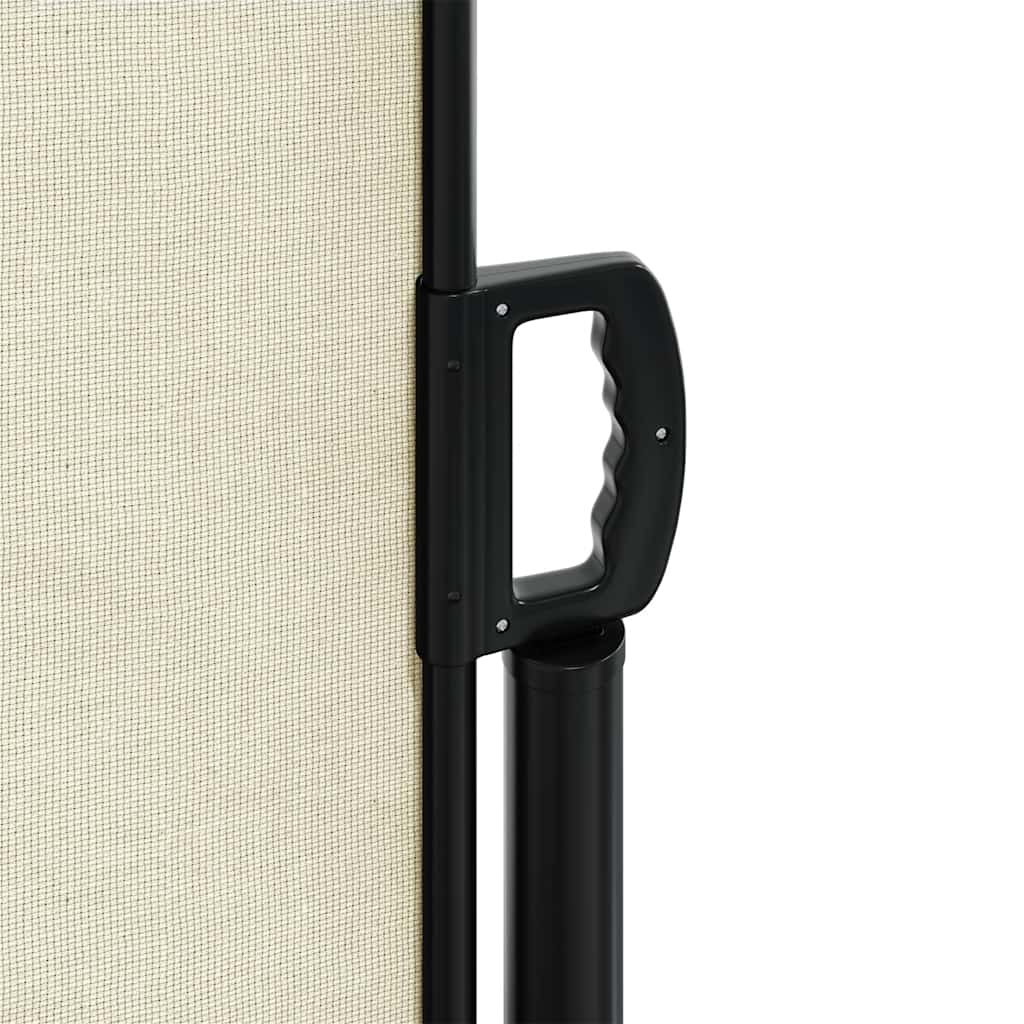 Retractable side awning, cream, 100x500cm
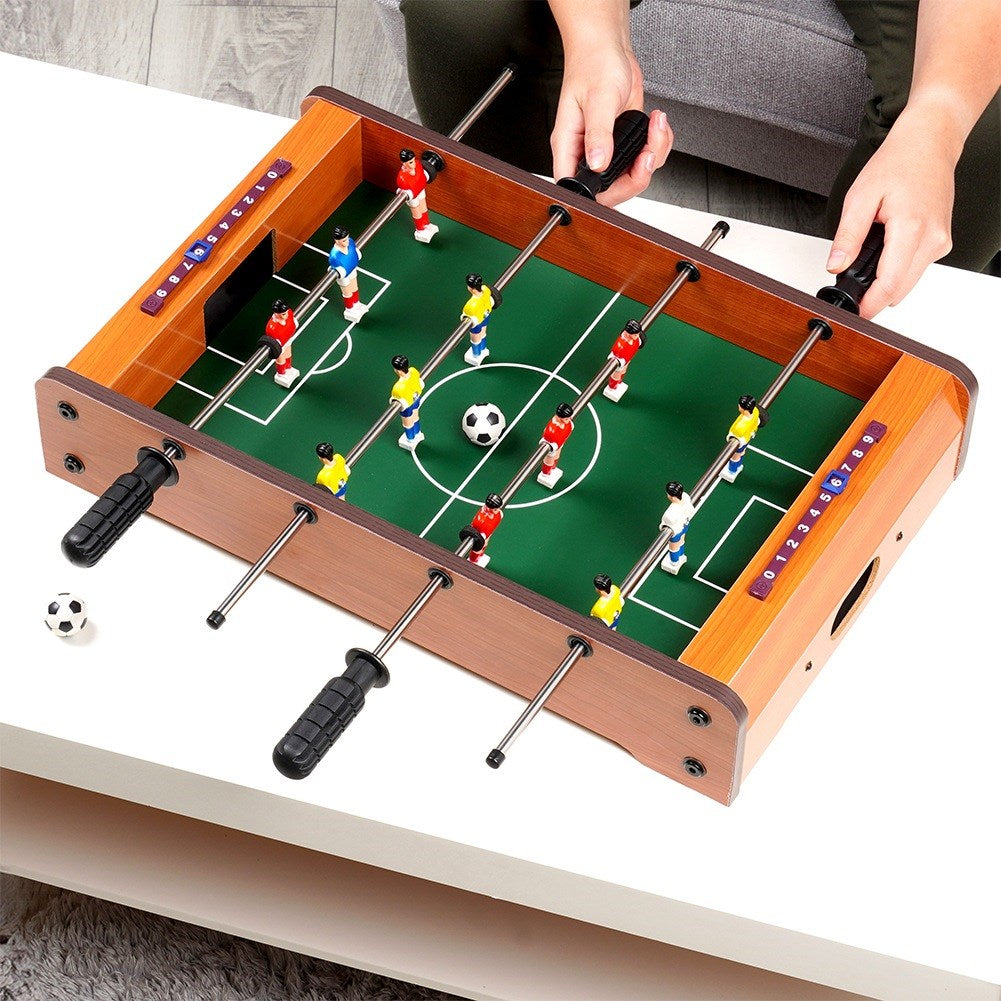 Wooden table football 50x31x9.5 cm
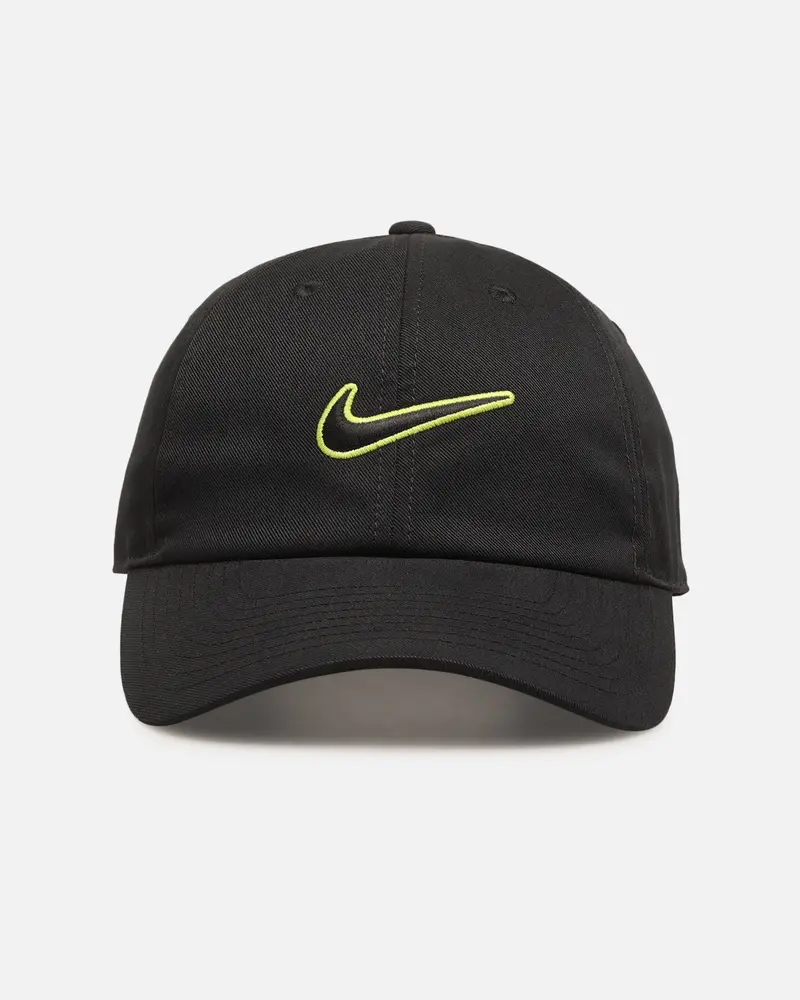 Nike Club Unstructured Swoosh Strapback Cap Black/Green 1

* _Goal of the exercise_
Return the complete material exactly as given, excluding images.

* _Final answer_
 Retractable side awning, cream, 100x500cm
 Wooden table football 50x31x9.5 cm
 Nike Club Unstructured Swoosh Strapback Cap Black/Green 1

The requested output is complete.